*TASK DESCRIPTION*. Begin with the line containing "Raindrops On a", end with the last line of the records, and retype everything in between exactly, without the pictures.
[PROVIDED INFORMATION]
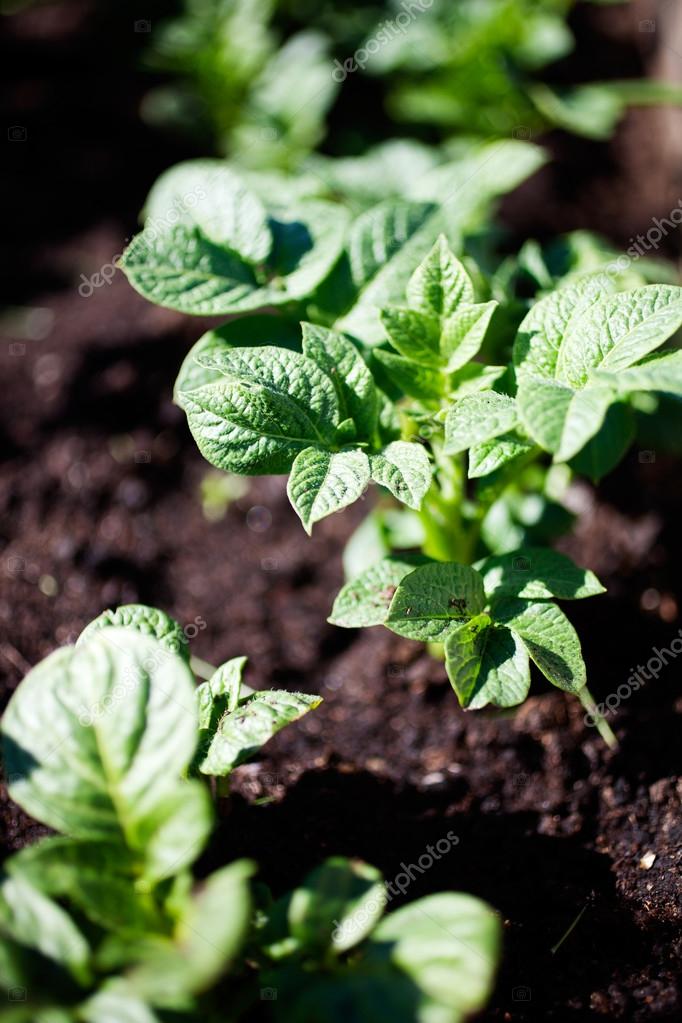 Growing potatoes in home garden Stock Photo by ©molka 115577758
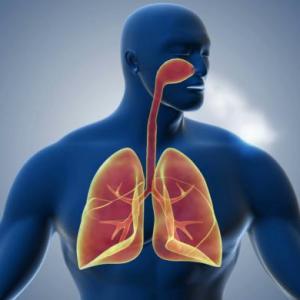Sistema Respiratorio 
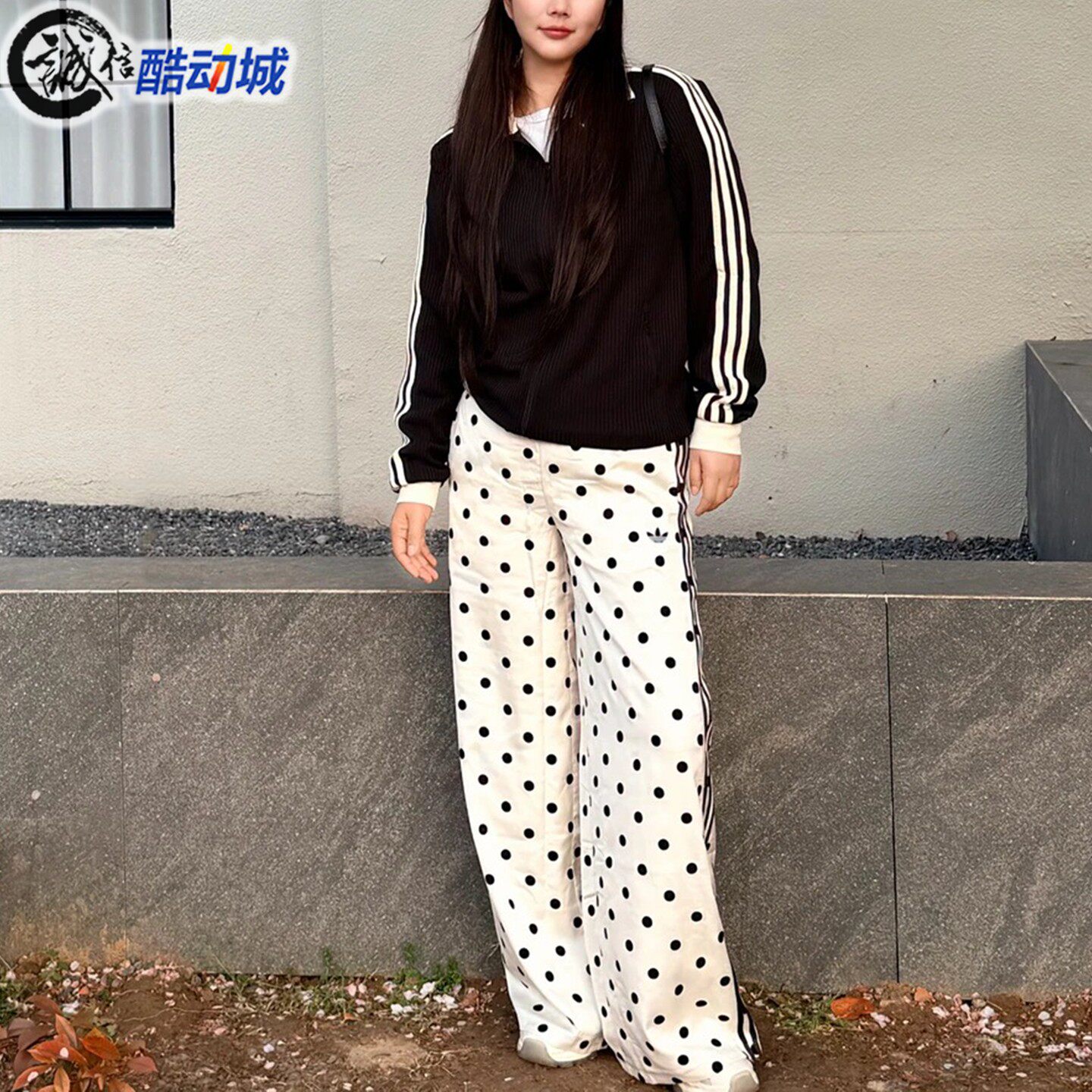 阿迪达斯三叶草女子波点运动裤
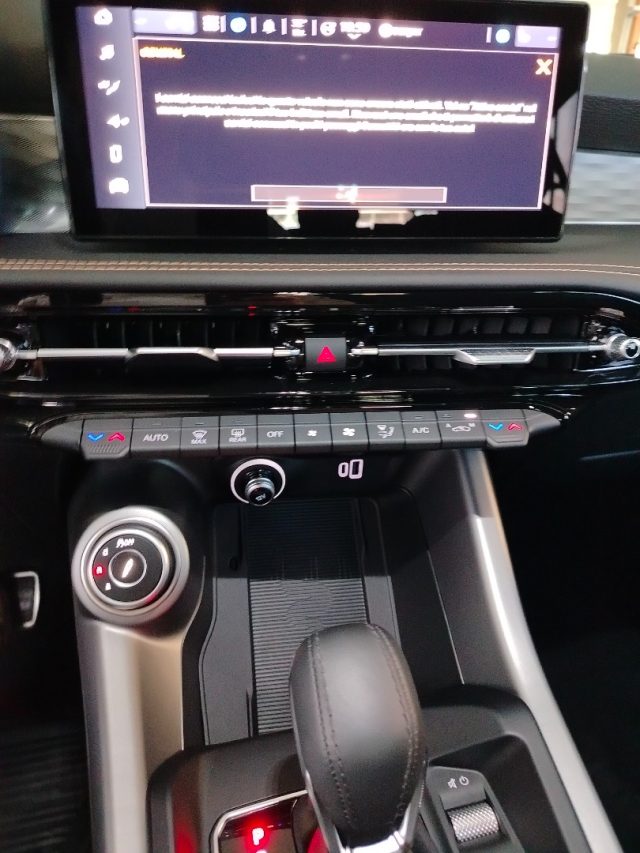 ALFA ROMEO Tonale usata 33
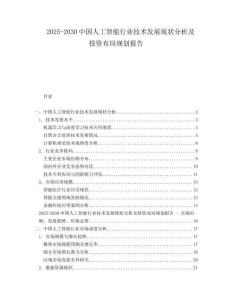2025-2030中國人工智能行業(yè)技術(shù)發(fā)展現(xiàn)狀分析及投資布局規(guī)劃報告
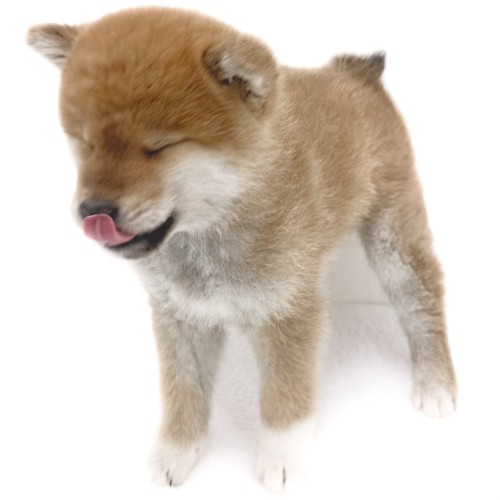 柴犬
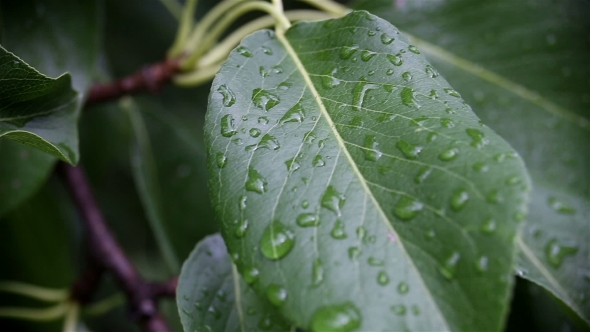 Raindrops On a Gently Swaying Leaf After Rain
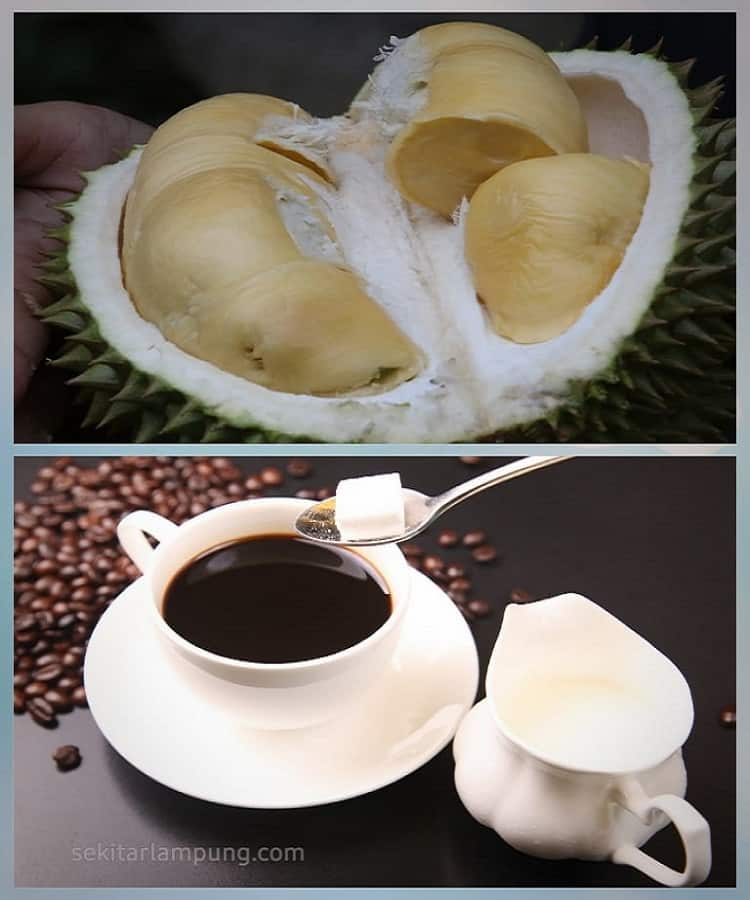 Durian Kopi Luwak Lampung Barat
[/PROVIDED INFORMATION]
*ANSWER SECTION*.
 Raindrops On a Gently Swaying Leaf After Rain
 Durian Kopi Luwak Lampung Barat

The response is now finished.